3. Net ionic equation

Cancel all ions that appear on both sides of the reaction arrow (in boldface).

$\rm {Pb}^{2+}(aq) + \textbf{2ClO}_{3}^{-}(aq)+ \textbf{2H}^{+}(aq) + 2Cl^{-}(aq) \longrightarrow \, PbCl_{2}(s) + \textbf{2H}^{+}(aq) + \textbf{2ClO}_{3}^{-}(aq)$

The net ionic equation is

$\rm {Pb}^{2+}(aq) + 2Cl^{-}(aq) \longrightarrow \, PbCl_{2}(s)$

4. Theoretical yield

We have the volumes and concentrations of two reactants, so this is a limiting reactant problem.  

We know that we will need a balanced equation with masses, moles, and molar masses of the compounds involved.  

(i). Gather all the information in one place with molar masses above the formulas and masses below them.  

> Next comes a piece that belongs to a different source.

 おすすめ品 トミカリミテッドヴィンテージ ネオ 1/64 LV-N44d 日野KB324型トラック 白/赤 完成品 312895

M_r:                                                   278.11

                        Pb(ClO₃)₂ + 2HCl ⟶ PbCl₂ + 2HClO₃

Volume/mL:      125             95

c/mol·L⁻¹:          0.85         0.85

(ii) Calculate the moles of each reactant  

$\text{Moles of Pb(ClO _{3} )}_{2} = \text{0.125 L} \times \dfrac{\text{0.85 mol}}{\text{1 L }} = \text{0.1062 mol}\\\text{Moles of HCl} = \text{0.095 L} \times \dfrac{\text{0.85 mol}}{\text{1 L }} = \text{0.08075 mol}$

(iii) Identify the limiting reactant  

Calculate the moles of PbCl₂ we can obtain from each reactant.  

From Pb(ClO₃)₂:

The molar ratio of PbCl₂:Pb(ClO₃)₂ is 2:2

Moles of PbCl₂ = 0.1062 × 2/2 =0.1062 mol PbCl₂

From HCl :

The molar ratio of PbCl₂:HCl is 1 mol PbCl₂:2 mol HCl.

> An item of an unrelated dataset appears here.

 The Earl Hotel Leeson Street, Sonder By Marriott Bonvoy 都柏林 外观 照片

Moles of PbCl₂ = 0.08075 × 1/2 = 0.04038 mol PbCl₂

The limiting reactant is HCl because it gives the smaller amount of PbCl₂.

(iv) Calculate the theoretical yield of PbCl₂.

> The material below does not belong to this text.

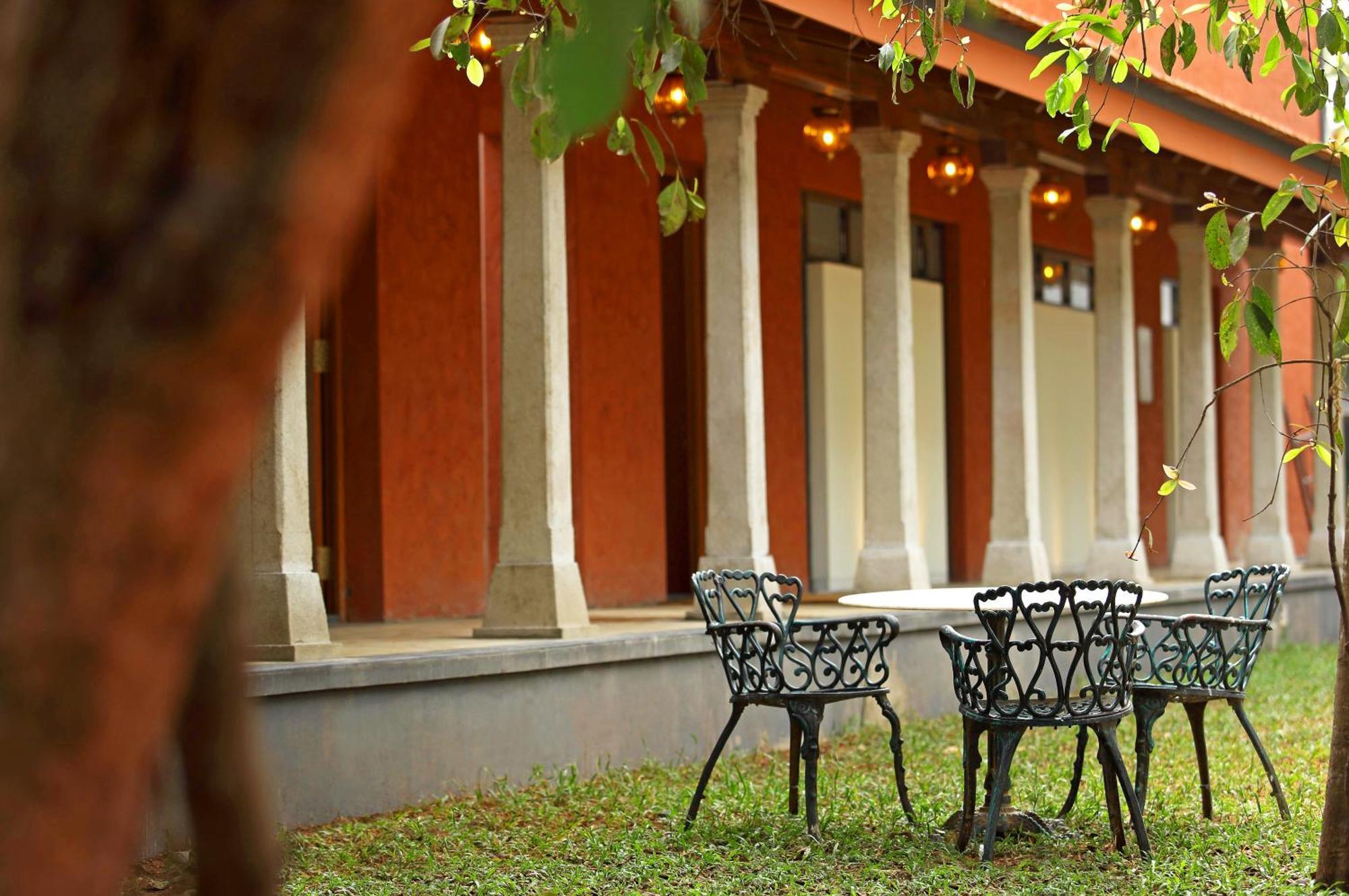 Baymaas Lake House Kochi Dış mekan fotoğraf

$\text{Theor. yield of PbCl}_{2} = \text{0.0438 mol} \times \dfrac{\text{278.11 g}}{\text{ 1 mol}} = \textbf{11.2 g}$

5. Calculate the actual yield of PbCl₂

$\text{Actual yield} = \text{11.2 g theor.} \times \dfrac{\text{ 68 g actual}}{\text{100 g theor,}} = \textbf{7.6 g}$

6. Calculate [ClO₃⁻]

Original concentration of Pb(ClO₃)₂ = 0.85 mol·L⁻¹

Original concentration of ClO₃ = 2 × 0.85  = 1.70 mol·L⁻¹

The solution was diluted by the addition of HCl.

Total volume = 125 + 95 =220 mL

                           c₁V₁ = c₂V₂

1.70 mol·L⁻¹ × 125 mL = c₂ × 220 mL

            212.5 mol·L⁻¹ = 200 c₂

 c₂ = (212.5 mL)/200 =  1.06 mol·L⁻¹

7. Calculate [Pb²⁺].

Moles of Pb²⁺ originally present = 0.1062 mol

              Moles of Pb²⁺removed = 0.04038 mol

           Moles of Pb²⁺ remaining = 0.0659 mol

c = 0.0659 mol/0.220 L = 0.299 mol·L⁻¹